Crawled caption data »
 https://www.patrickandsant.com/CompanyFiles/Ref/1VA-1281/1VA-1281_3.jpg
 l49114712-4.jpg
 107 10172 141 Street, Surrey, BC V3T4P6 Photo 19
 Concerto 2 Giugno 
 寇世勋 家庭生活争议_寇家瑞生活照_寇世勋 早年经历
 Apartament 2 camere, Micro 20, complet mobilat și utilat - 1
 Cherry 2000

To do » Please retype all of the records above exactly as they are.

Response »
 https://www.patrickandsant.com/CompanyFiles/Ref/1VA-1281/1VA-1281_3.jpg
 l49114712-4.jpg
 107 10172 141 Street, Surrey, BC V3T4P6 Photo 19
 Concerto 2 Giugno 
 寇世勋 家庭生活争议_寇家瑞生活照_寇世勋 早年经历
 Apartament 2 camere, Micro 20, complet mobilat și utilat - 1
 Cherry 2000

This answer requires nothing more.